Maybe it has happened to you. Or perhaps it only affects ultra-early risers. I’ll be in the middle of typing a blog post when a notice appears on my computer screen that my laptop will be shutting down in a few seconds for an upgrade. Now, if you’re caught up in the strengthening chain of thinking that develops while you’re writing, you may take a little while to react to this new information. If you don’t respond quickly enough, your computer simply quits and it will be several minutes—sometimes an hour or more—before you can pick up where you were interrupted, mid-sentence. Long ago I decided that automatic updates were something I had to do. Too many websites couldn’t run things properly with old systems. It’s just that I wish artificial intelligence were a little more, well, intelligent.

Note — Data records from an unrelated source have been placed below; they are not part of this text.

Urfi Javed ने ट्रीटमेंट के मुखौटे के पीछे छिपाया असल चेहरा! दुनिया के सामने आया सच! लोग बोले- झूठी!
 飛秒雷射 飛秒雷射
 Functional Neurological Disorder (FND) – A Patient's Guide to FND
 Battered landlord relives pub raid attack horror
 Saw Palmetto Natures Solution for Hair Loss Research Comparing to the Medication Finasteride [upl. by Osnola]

I keep odd hours. I already know that. I’ve been trying for years to learn to sleep past the long-distance commuting hour of three a.m. Some days I’m successful, but most days I’m not. That means that I write these posts when computer programers assume everyone is asleep. Doesn’t it notice that I’m typing even as it sends its ominous message? Is there no way for automatic updates—which send you warnings the day before—can do their work at, say, midnight or one a.m., when I’m never using my computer? Ah, but the rest of the world prefers to stay up late! I need the uninterrupted time when few of us are stirring to come up with my creative writing, whether fictional or nonal. So I have to tell my electronic conscience to be patient. It can restart at ten p.m. when I’m asleep.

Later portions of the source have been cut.